To provide a generic way to...

	* serialize lists and simple data
	* express complex data by lists
	* express the shapes and constraints of data

The languages that LGRAM targets specially are:

	* Perl 5.4
	* Tcl
	* Ruby 1.6
	* Common LISP
	* ANSI C

Because those five languages are very different from each other, LGRAM
may also cover other languages implicitly.

The languages that LGRAM is actually mainly inspired from is a
different matter.

0.2. Features

	* trivial to parse
	* reflective
	* homoiconic
	* extensible
	* layered system where each level is useful

0.3. Layers and Levels

	* 1 : Character Layer
	* 2 : Structure Layer
	* 3 : Type System
	* 4 : Calling Across ObjectSpaces and Processes

----------------------------------------------------------------
1. Character Layer

this is the default encoding layer based on 7-bit ascii.

design rules of the character layer:

	* any character can be embedded inside a string
	* all characters of a string are significant (even all whitespace)
	* strings may be split over several lines
	* should look like Lisp for the most part
	* should use C-like and/or Perl-like conventions for the rest

1.1. Character Set

>	Whitespace = char( 0x09..0x0D, 0x20 )
>	Verbatim   = char( 0x20..0x21, 0x23..0x5B, 0x5D..0x7E )
>	HDigit     = char( 0x30..0x39, 0x41..0x46, 0x61..0x66 )
>	DDigit     = char( 0x30..0x39 )
>	EscQuote   = char( 0x22, 0x5C, 0x6E )

>	SymbolBody = char( 0x21, 0x24..0x27, 0x2A..0x5B,
>		0x5D..0x7A, 0x7C, 0x7E )
>	SymbolHead = char( 0x21, 0x24..0x27, 0x2A..0x2D, 0x2F, 0x3A..0x5A,
>		0x5D..0x7A, 0x7C, 0x7E )

>	FutureUse  = char( 0x23, 0x7B, 0x7D )

1.2. Escape Sequences for Strings

Some strings may be quite long, and thus you may wish to split them on
several lines by embedding end-of-lines and indentations within them.
Those are removed when reading the string.

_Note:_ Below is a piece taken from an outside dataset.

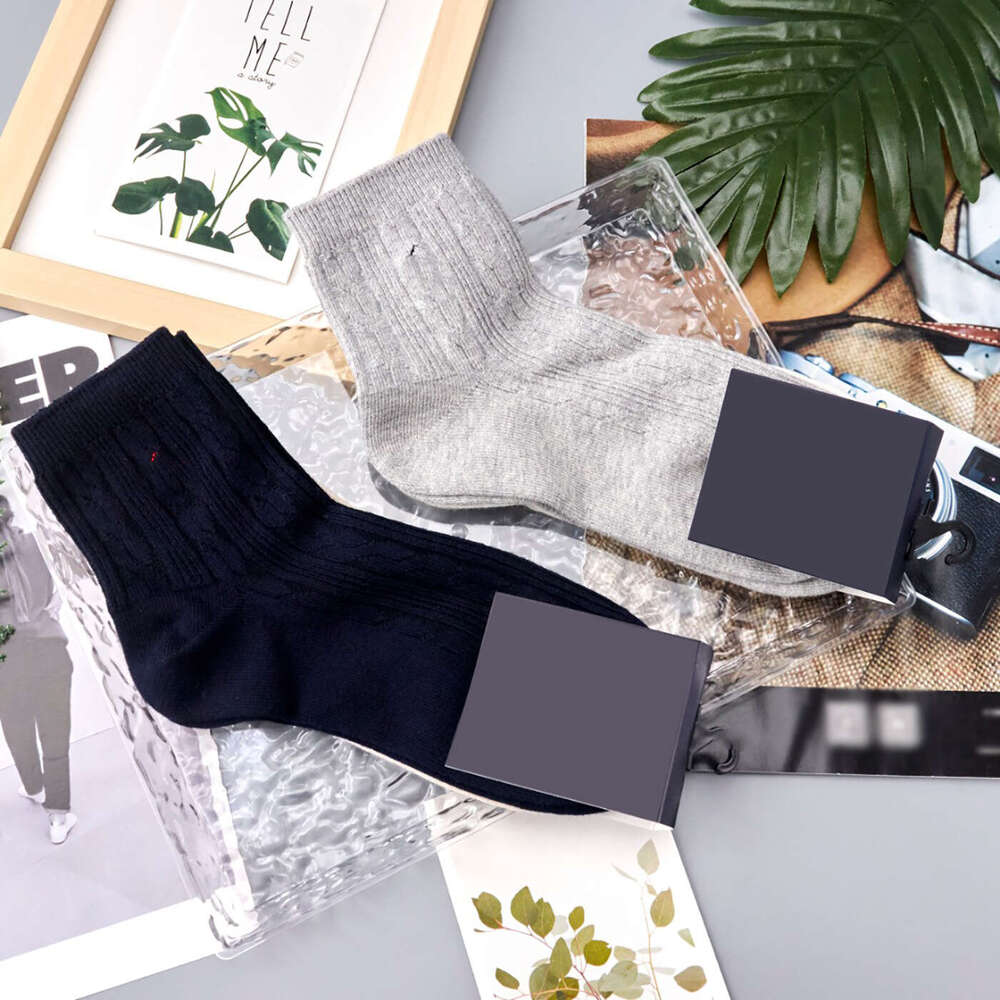 New Little Embroidered Twisted Cotton Two-Pair Pack Short Socks B5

>	EscSpace = /#{Whitespace}+\\/

Newlines are embedded in strings are escaped using the letter n, as
"\n". Double-quotes and backslashes are escaped directly, as "\"", "\\".

Double-quotes is the reserved character for enclosing characters of
a string. Backslash is the reserved character for all
special-purpose ("escape") sequences.

A way to embed any character (including the above mentioned). This can
be any number of hex digits up to 5, but where is a shortcut for
exactly two hex digits.

>	EscChar  = /x\{#{HDigit}{,5}\}/ | /x#{HDigit}{2}/

The set of all possible such sequences:

>	Esc       = EscSpace | EscQuote | EscChar

1.3. Literals

Symbols are unquoted strings for simple names that are not intended to
be looked at (unlike Strings) but rather are intended for tagging
information, such as naming types, constants, procedures, variables,
operators, enumeration elements, options, etc.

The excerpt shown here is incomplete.